December 13, 2017 / 8:10 PM / 7 months ago

U.S. sanctions two Africans over ivory, weapons trade

WASHINGTON (Reuters) - The U.S. Treasury Department on Wednesday blacklisted two people it said supported the outlawed Lord’s Resistance Army in Central African Republic through the illegal trade in ivory, weapons and money aimed at fueling conflict in the region.

The Treasury’s Office of Foreign Assets Control said in a statement that it had taken action against Okot Lukwang, a Ugandan national, and Musa Hatari, from Sudan, with help from the governments of their respective countries.

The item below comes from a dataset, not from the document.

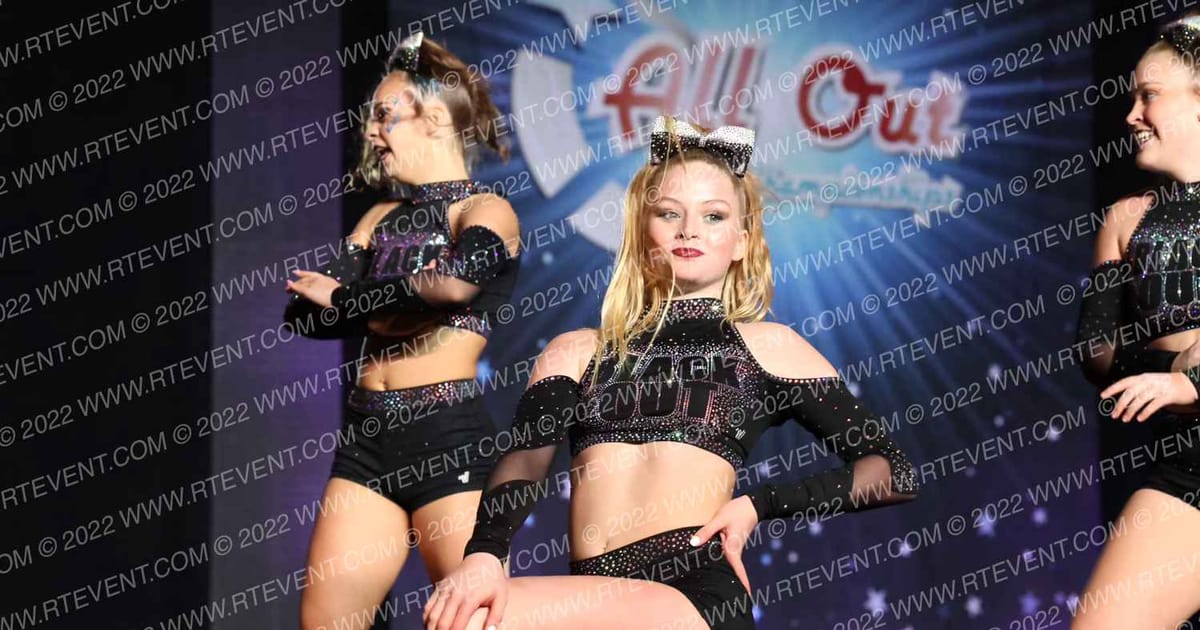 Cheer Extreme All-Stars Black Out · All Out Nationals day two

The U.S. sanctions, like those imposed last year on the Lord’s Resistance Army and its leader Joseph Kony, will block their transactions involving any American or property under U.S. jurisdiction, effective immediately. Kony was indicted by the International Criminal Court in The Hague for crimes against humanity in 2005.

The United States in August 2016 also imposed sanctions on Kony’s sons Salim and Ali, saying they were commanders in the rebel group blamed for extreme violence in a large part of central Africa. The Lord’s Resistance Army, like other armed groups, used ivory trade and wildlife trafficking to help fund their activities, the Treasury Department said.

“The U.S. government will not tolerate the actions of those who finance destabilizing activities in central Africa,” John Smith, director of the Office of Foreign Assets Control, said in the statement.

Lukwang acts as intelligence officer, oversees supply logistics and serves as an ivory broker for the Lord’s Resistance Army, according to the statement.

Hatari serves as the main supplier of ammunition, mines, weapons, food, supplies and other goods to the group, it added.

The Lord’s Resistance Army battled Ugandan forces for about two decades, becoming known for its brutality and kidnapping of children for use as fighters and sex slaves.

As the group was ejected from bases in northern Uganda around and what is now South Sudan, it retreated to an area of jungle straddling the borders of South Sudan, Congo and Central African Republic.